I found a TW based research project on parsing and one of the samples sentences they use is

We all like butterflies.

我们都喜欢蝴蝶。

Wǒmen dōu xǐhuan húdié.

Here is a link to one of the papers using this sentence as a sample:

   http://acl.ldc.upenn.edu/W/W04/W04-1116.pdf    

and a link to the Project:

   http://godel.iis.sinica.edu.tw/CKIP/engversion/conceptnet.htm     

Thank you very much, Thomas!

I have quickly looked at the papers you pointed me to and the category the authors assign to "dou1" (actually, "du", in their transcription, presumably because they are from Taiwan?) in their example tree and the associated formula is 'quantity Dab', apparently a sort of quantifier. Unfortunately, they do not explain their abbreviations and it is impossible to determine what "Dab" stands for. I guess "D" might stand for "determiner?", but the "ab" part might well stand for "adverb". That would leave "du/dou1" as a 'Quantity determiner? adverb?', but that category is completely new to me. Nevertheless, whatever they take the category of "dou1" to be, they offer no reasons, they seem to take it for granted, at least in that paper. Maybe they do explain their abbreviations in some other paper. I'll have a look.

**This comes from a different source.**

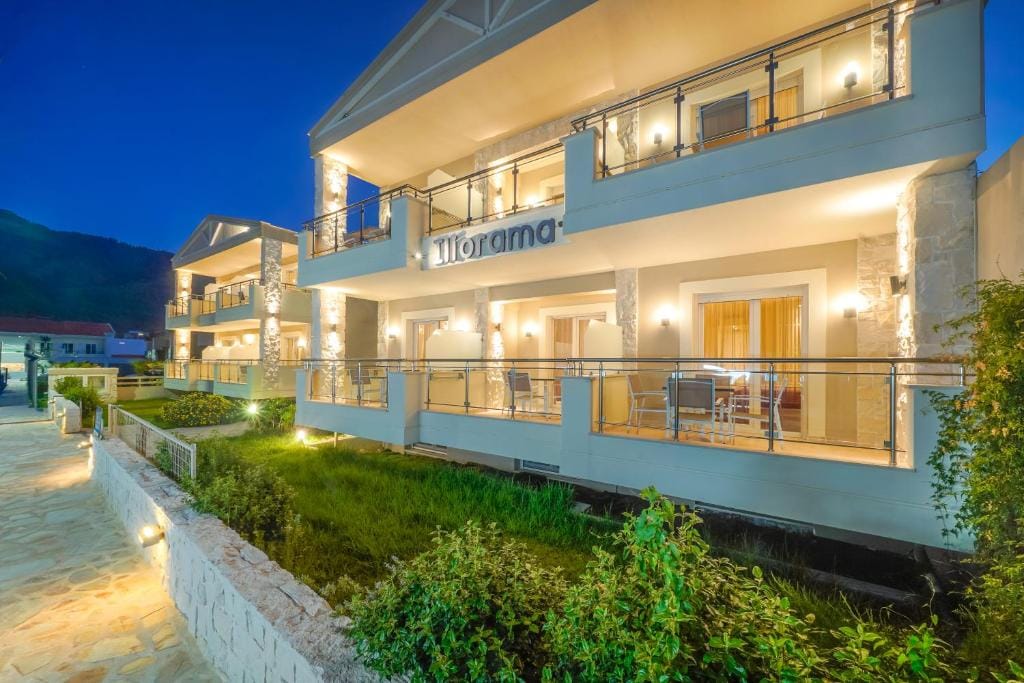 Iliorama Seaside Luxury Suites & Apartments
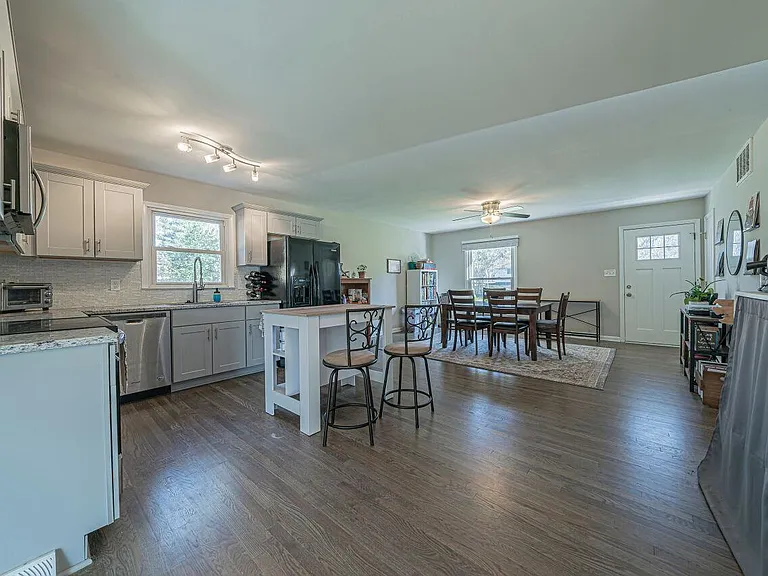 3322 Bell Dr — Photo 12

I'm overwhelmed by your generosity, but, please, do not spend any more of your valuable time doing research for me. When I asked this question, I assumed native speakers' intuitions - the way they construe "dou1" when they think in Chinese - would suffice to settle it. If it is not so, and the answer has to be sought in linguistic publications, it is only fair that I myself should look for the answer and tell the forum (if I find it!).

Kindest regards

I found this paper by accident while researching why the different computer translators ( GOOGLE Translate, WCC, etc ) seem to parse Chinese sentences in different ways giving sometimes very different translations.  I quickly found that this is a very big complex subject.

I also could not find a definition of Dab and notice they claim the  都  is a modifier but I saw no elaboration of this fact.